Abstract

Receiver function has been routinely used for studying the discontinuity structure in the crust and upper mantle. The manual quality control of receiver functions, which plays a key role in high-quality data selection and accurate structural imaging, has been challenged by today’s booming data volumes. Traditional automatic quality control methods usually require tuning hyperparameters and fail to generalize to low signal-to-noise ratio data. Deep learning has been increasingly used to deal with extensive seismic data. However, it generally requires a manually labeled dataset, and its performance is highly related to the network design. In this study, we develop and compare four different deep learning network designs with manual and traditional quality control methods using 53293 receiver functions from three broadband seismic stations. Our results show that a combination of convolutional and long-short memory layers achieves the best performance of ∼91% accuracy.
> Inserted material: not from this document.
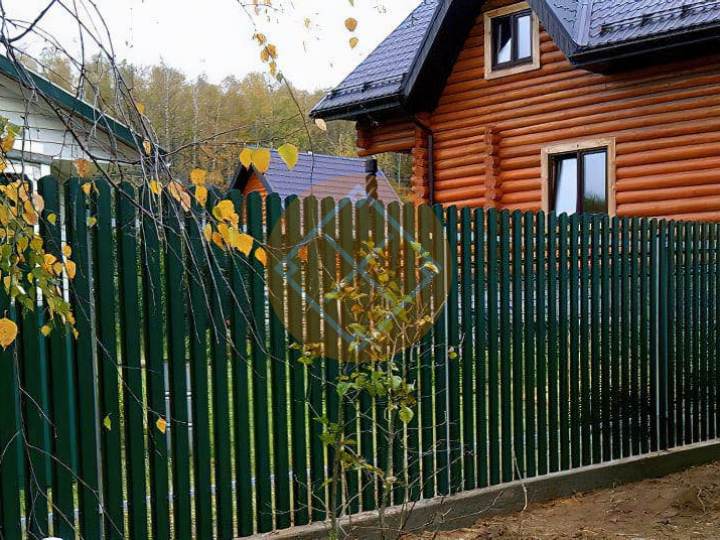 забор для загородного дома из евроштакетника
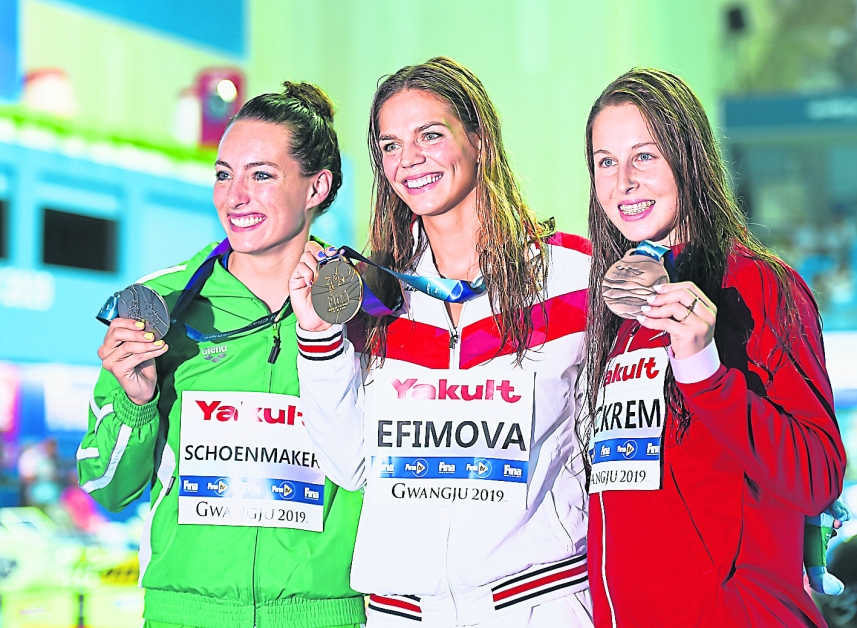 埃菲莫娃（中）力压舒恩梅克（左）、皮克利姆及其他决赛对手，蝉联女子200公尺蛙泳冠军。（新华社）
We also propose a fully automatic training schema that requires zero manually labeled receiver function yet achieves similar performance to that using carefully labeled ones. Compared with the traditional automatic method, our model retrieves ∼5 times more reliable receiver functions from relatively small earthquakes with magnitudes between 5.0 and 5.5. The average waveforms and H-κ stacking results of these receiver functions are comparable to those obtained by manual quality control from earthquakes with magnitudes larger than 5.5, which further demonstrates the validity of our method and indicates its potential for making use of smaller earthquakes in the receiver function analysis.